They began back in 2006, when the first was called Operation Wide Receiver.
The premise was similar to drug cases. Let the small fish go and follow them to the big fish.
In this case, the small fish were buying hundreds of guns, many of them AK-47’s, in Arizona, and carrying them across the border to the big fish in the Sinaloa drug cartel.
But the small fish got away through a combination of bad planning and simple incompetence.
When the operation came to light, the first instinct was to deny the Department of Justice knew about it. Then admit it.
The back and forth on that…who knew what when, has prompted House Oversight Committee hearings and subpoenas.
When Attorney General Holder contended some documents were off limits, Republicans suspected a cover-up.
Thus, what should have simply been a mea culpa for a botched sting has turned into a crisis.

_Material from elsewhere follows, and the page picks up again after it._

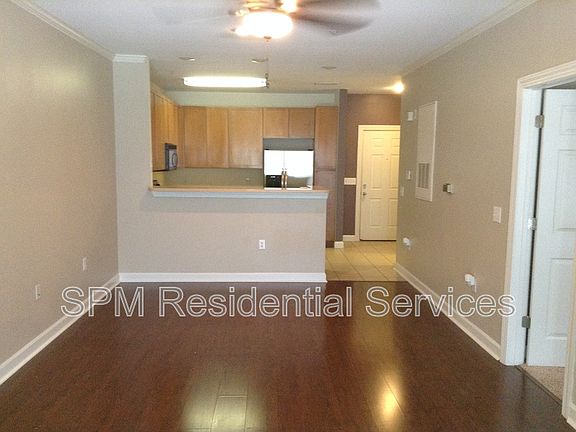 2nd image of 2808 Bloomfield Ln Unit 301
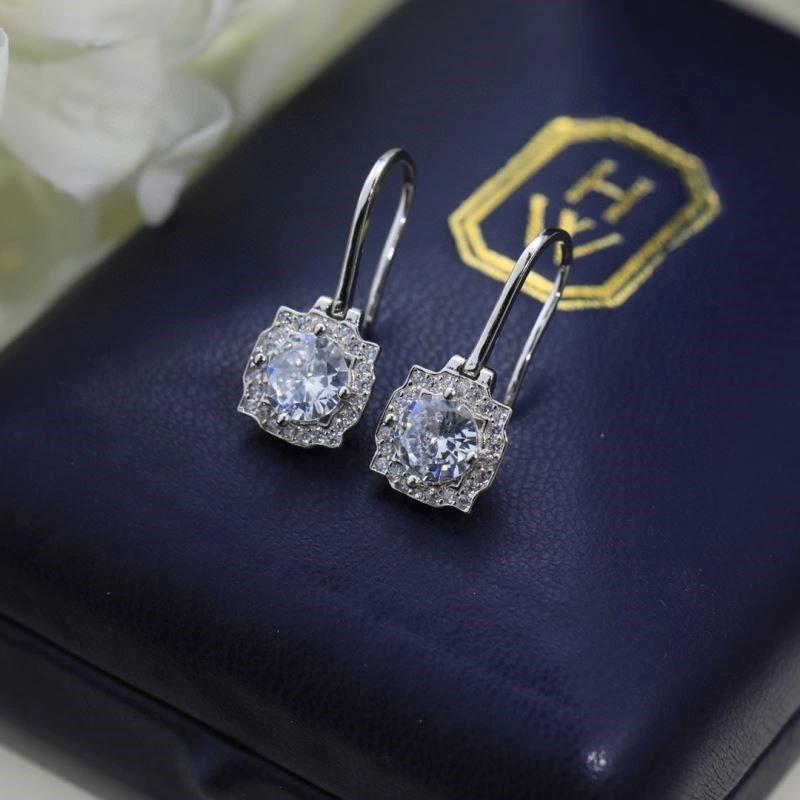 FlexibleFit Harry Winston Earrings 210629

There will be a vote in the House on a Contempt charge against Holder, and the President has intervened citing Executive Privilege to protect both Holder and the documents.
It is his first use of the power, but congressional reactions are the same as when his predecessors used it. Congress never likes it.
There, the stalemate stands.
There have been some exotic gun control theories floated about this case, but since similar operations like Fast and Furious go all the way back to 2006, that is unlikely.
And Committee Chairman Darrell Issa said as much.
As the saying goes, never ascribe to conspiracy things that can be simply explained by incompetence.